Gille/StrangeMerges_12-7B-slerp
Gille/StrangeMerges_12-7B-slerp is a 7 billion parameter language model created by Gille, built by merging Keynote-Technology/KAI-7B-v0.1 and Gille/StrangeMerges_11-7B-slerp using a slerp merge method. This model achieves an average score of 69.13 on the Open LLM Leaderboard, demonstrating strong performance across various reasoning and language understanding tasks. With a 4096-token context length, it is suitable for general-purpose text generation and conversational AI applications.
Loading preview...
StrangeMerges_12-7B-slerp Overview
StrangeMerges_12-7B-slerp is a 7 billion parameter language model developed by Gille. It was created through a sophisticated merging process using LazyMergekit, combining two base models: Keynote-Technology/KAI-7B-v0.1 and Gille/StrangeMerges_11-7B-slerp. The merge utilized a slerp (spherical linear interpolation) method, with specific t parameters applied to self-attention and MLP layers to fine-tune the model's characteristics.

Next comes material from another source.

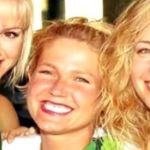 Eliana, Xuxa e Angélica estarão juntas em programa na TV Globo; entenda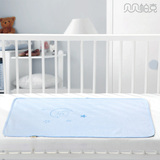 taobao english 8854169039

Key Capabilities & Performance
This model demonstrates solid performance across a range of benchmarks, as evaluated on the Open LLM Leaderboard. It achieved an average score of 69.13, with notable results including:
- AI2 Reasoning Challenge (25-Shot): 66.64
- HellaSwag (10-Shot): 85.89
- MMLU (5-Shot): 64.94
- TruthfulQA (0-shot): 52.55
- Winogrande (5-shot): 81.69
- GSM8k (5-shot): 63.08
These scores indicate its proficiency in common sense reasoning, language understanding, and mathematical problem-solving.
Use Cases
StrangeMerges_12-7B-slerp is well-suited for general text generation tasks, conversational AI, and applications requiring robust reasoning capabilities within a 7 billion parameter footprint. Its 4096-token context length supports processing moderately long inputs.